[EXERCISE DATA]:
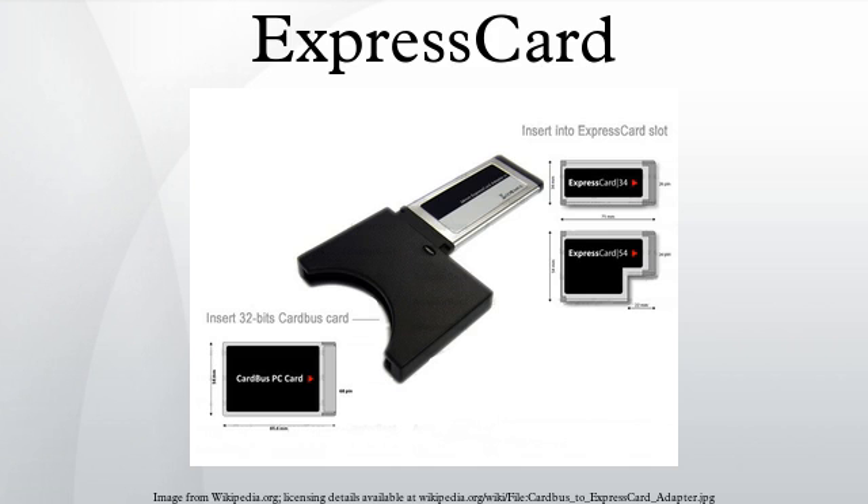The ExpressCard 2.0 standard was introduced on March 4, 2009 at CeBIT in Hanover. It provides a single PCIe 1.0 2.5 Gbit/s lane and a USB 3.0 SuperSpeed link with a raw transfer speed of 5 Gbit/s. It is forward and backward compatible with earlier ExpressCard modules and slots. ExpressCard 2.0 products were expected to be in the market by late 2010. USB 3.0 SuperSpeed compatibility is achieved by sharing pins with the PCIe link, and the inserted card signals which mode should be used.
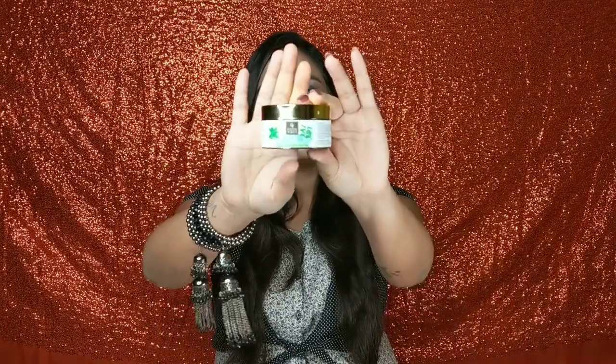This face scrub is from Good Vibes and this is the Neem and Tulsi variant — there are many other variants available as well. I bought this variant, and I also have two or three other Good Vibes scrubs. I chose to review this one first because the Neem and Tulsi variant is really good for all skin types, and especially for sensitive and acne-prone skin. Neem and Tulsi are very helpful for acne.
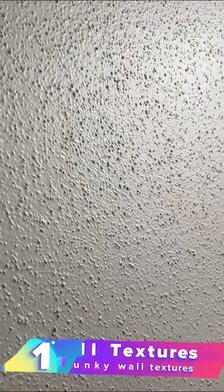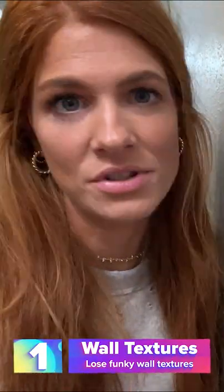If you have a space where the texture looks like this, do a light sanding. Throw a neutral paint color over it and you're never going to tell it was there.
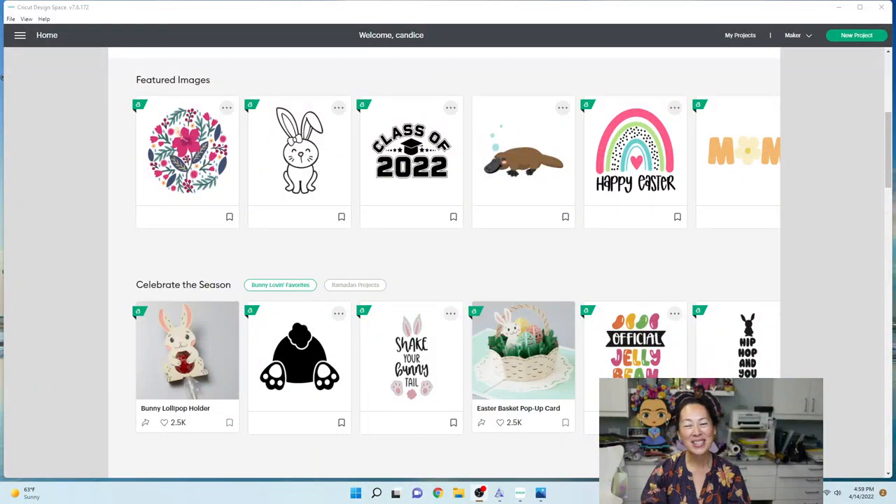Hi, it's Anne from the Useless Crafter. We are going to make stickers today, and with the new Cricut update, I thought it would be a great time to try it out while I'm showing you. I'm not even sure what it's going to look like, but I know what it's supposed to do. But first, if you haven't subscribed, please do — I totally appreciate it.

[PROBLEM TO WORK ON]:
Restate the full listing word for word, excluding images.

[COMPLETED TASK]:
The ExpressCard 2.0 standard was introduced on March 4, 2009 at CeBIT in Hanover. It provides a single PCIe 1.0 2.5 Gbit/s lane and a USB 3.0 SuperSpeed link with a raw transfer speed of 5 Gbit/s. It is forward and backward compatible with earlier ExpressCard modules and slots. ExpressCard 2.0 products were expected to be in the market by late 2010. USB 3.0 SuperSpeed compatibility is achieved by sharing pins with the PCIe link, and the inserted card signals which mode should be used.
This face scrub is from Good Vibes and this is the Neem and Tulsi variant — there are many other variants available as well. I bought this variant, and I also have two or three other Good Vibes scrubs. I chose to review this one first because the Neem and Tulsi variant is really good for all skin types, and especially for sensitive and acne-prone skin. Neem and Tulsi are very helpful for acne.
If you have a space where the texture looks like this, do a light sanding. Throw a neutral paint color over it and you're never going to tell it was there.
Hi, it's Anne from the Useless Crafter. We are going to make stickers today, and with the new Cricut update, I thought it would be a great time to try it out while I'm showing you. I'm not even sure what it's going to look like, but I know what it's supposed to do. But first, if you haven't subscribed, please do — I totally appreciate it.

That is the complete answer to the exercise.